A prima vista, chi ha più da imparare è la sinistra. Per lei, la lezione principale è che l’adesione acritica alle istanze del politicamente corretto (cultura woke, ideologia gender, cancel culture) è una zavorra elettorale insostenibile, tanto più se – come
accade in Italia, Francia, Germania – il mondo progressista è lacerato da profonde divisioni. È vero che la cosiddetta cultura dei diritti è diventata, da almeno tre decenni, il principale cemento identitario della sinistra e del suo sentimento di superiorità morale, ma bisognerà prima o poi prendere atto che continuare su quella strada la allontana sempre più non solo dai ceti popolari (che hanno altre priorità, a partire dalla sicurezza) ma anche da una parte del mondo femminile, che non vede di buon occhio le istanze dell’attivismo trans, specie quando comportano invasione degli spazi delle donne (carceri, competizioni sportive, centri anti-violenza, eccetera), rischi di indottrinamento nel mondo della scuola, transizioni di genere precoci per i minorenni, promozione della GPA (utero in affitto). Se vuole tornare a vincere, la sinistra dovrebbe smettere di attribuire ogni sconfitta alla disinformazione e ai poteri forti, e semmai prendere atto che aveva ragione Norberto Bobbio quando, a metà degli anni ’90, la avvertiva che rinunciare alla stella polare dell’uguaglianza a favore di quella dell’inclusione, come le suggeriva il sociologo Alessandro Pizzorno, era un errore, foriero di arretramenti e sconfitte.

Ma forse anche la destra avrebbe qualcosa da imparare, specie in Italia. Visto da destra, il follemente corretto di cui la sinistra si è resa prigioniera può diventare una straordinaria opportunità di definizione di sé stessa per così dire “a contrario”.

Culturalmente, la destra è sempre di più, non solo in Italia, l’unico argine significativo alla deriva woke negli innumerevoli campi in cui si manifesta. Anziché puntare sul controllo dell’informazione, sull’occupazione di posizioni nel mondo della cultura, su improbabili incursioni nello star system – più in generale: sul velleitario progetto di ribaltare l’egemonia culturale della sinistra – alla destra converrebbe forse prendere atto che la sua forza non sta nell’occupazione più o meno maldestra delle istituzioni, ma nell’aderenza alle istanze e alle visioni del mondo di ampi settori delle società capitalistiche avanzate.
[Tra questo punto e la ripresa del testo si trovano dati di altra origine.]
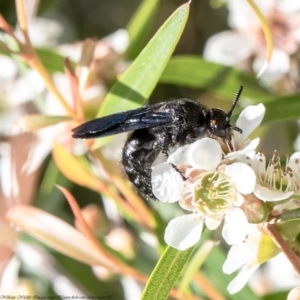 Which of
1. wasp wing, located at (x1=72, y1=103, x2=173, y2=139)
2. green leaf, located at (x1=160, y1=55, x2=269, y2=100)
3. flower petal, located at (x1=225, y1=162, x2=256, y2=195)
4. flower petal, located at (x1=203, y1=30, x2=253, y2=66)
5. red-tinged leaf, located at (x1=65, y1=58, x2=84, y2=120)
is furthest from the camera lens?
flower petal, located at (x1=203, y1=30, x2=253, y2=66)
Se le forze di destra stanno avanzando in Europa, e alcune loro istanze (come il controllo dell’immigrazione) si stanno manifestando anche a sinistra (emblematico il successo del partito di Sahra Wagenknecht in Germania), è perché quello in atto è un profondo smottamento della sensibilità collettiva. Uno smottamento che, fondamentalmente, consiste in una presa di distanze dalla cultura dei diritti e dai suoi eccessi, e si traduce in una richiesta di porre limiti, argini, freni ad alcune tendenze del nostro tempo. È dentro questa cornice che prendono forma la richiesta di contenere l’immigrazione illegale, garantire la sicurezza, ma anche frenare l’espansione di diritti percepiti come arbitrari (la scelta soggettiva del genere), o pericolosi (cambi di sesso degli adolescenti), o contrari all’ordine naturale delle cose (utero in affitto), o semplicemente pericolosi per le donne (invasione degli spazi femminili).

Già, le donne. Pochi ne parlano, ma uno dei fenomeni sociali più significativi degli ultimi anni sono i cambiamenti che stanno avvenendo nel femminismo, e più in generale nel comportamento elettorale delle donne. Nella campagna per le presidenziali americane è successo, per la prima volta, che una parte delle femministe, negli Stati Uniti (Kara Dansky) ma anche nel Regno Unito (Julie Bindel), si siano poste la domanda fatidica, fino a ieri inconcepibile: dobbiamo prendere in considerazione l’ipotesi di votare conservatore?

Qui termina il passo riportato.